Faciadan sonra ne oldu?
Soma faciasından sonra hükümet maden işletmeciliği ve iş güvenliğiyle ilgili bazı yasa ve mevzuat değişiklikleri yaptı.
Bu değişikliklere göre:
- Çalışma süresi altı saat ile sınırlandırıldı
- Maden işçilerinin ücreti en az iki asgari ücret düzeyine çıkarıldı
- Maden işçilerinde emeklilik yaşı 50’ye düşürüldü
- Enerji ve Tabii Kaynaklar Bakanlığı'nın bir yıl içerisinde hangi madenlere yaşam odası kurulacağına karar vereceğini belirten yasa kabul edildi.
- Soma faciasında hayatını kaybedenlerin yakınlarına maaş bağlanması için gerekli düzenlemeler yapıldı.

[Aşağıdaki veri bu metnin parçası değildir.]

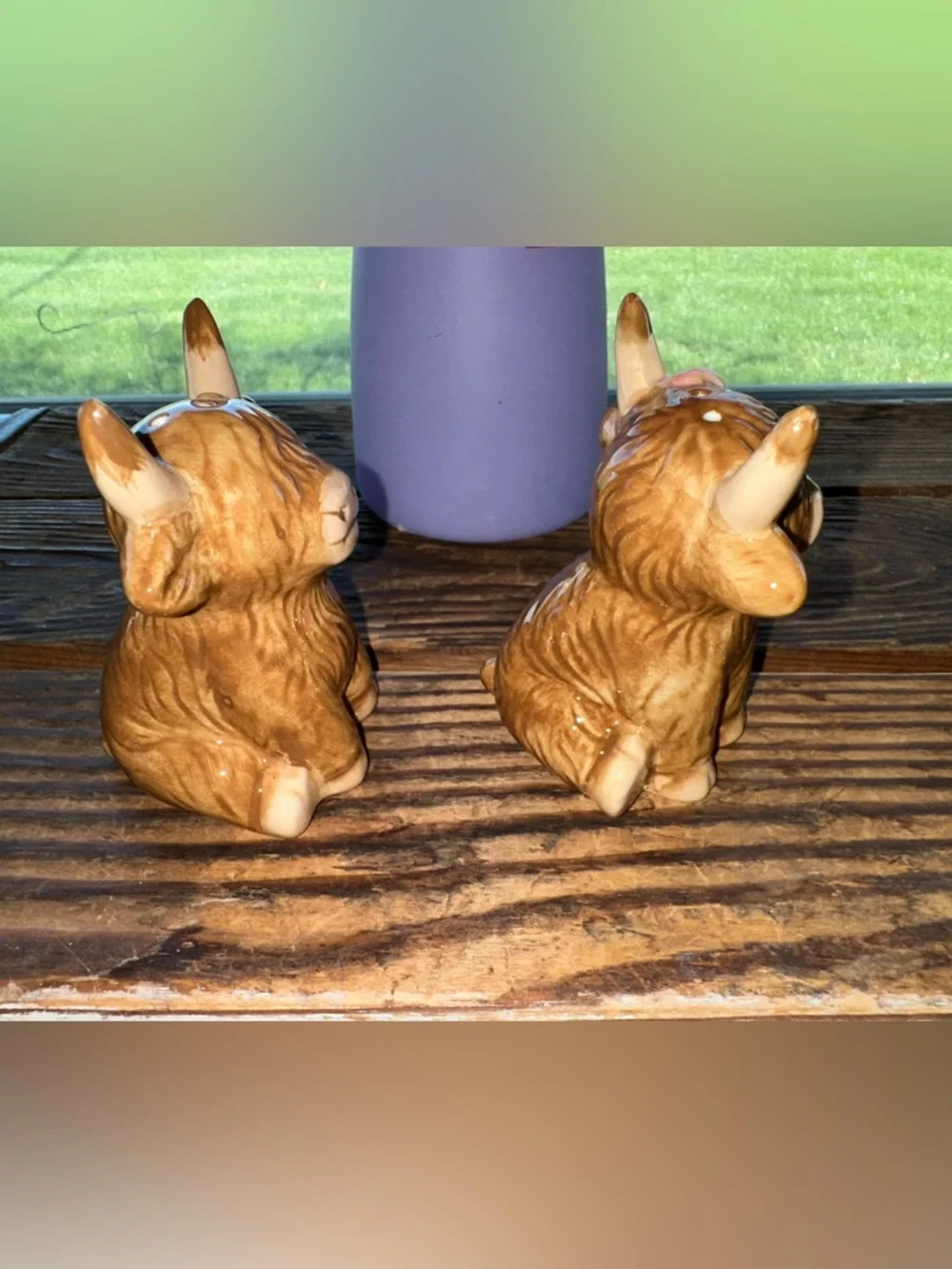 Highland Cows Salt & Pepper Shakers - NIP
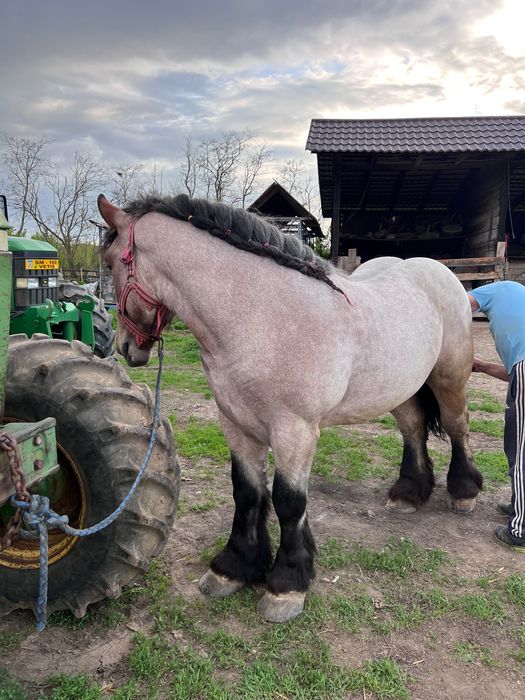 Mânz ardenez special,2 ani!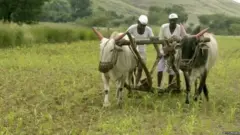बैल, खेती, किसान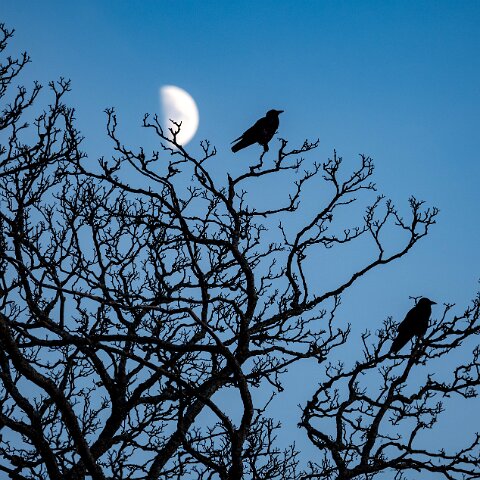 Carrion-Crow-18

Madenci ölümleri bitti mi?
Soma’nın ardında da madenlerde ölümler devam etti. İşçi Sağlığı ve İş Güvenliği Meclisi'nin verilerine göre, 2014’te Soma faciasının dışında 85 madenci daha öldü. 2015’te 67, 2016’da 73, 2017’de 93, 2018’in ilk altı ayında ise 27 madenci hayatını kaybetti.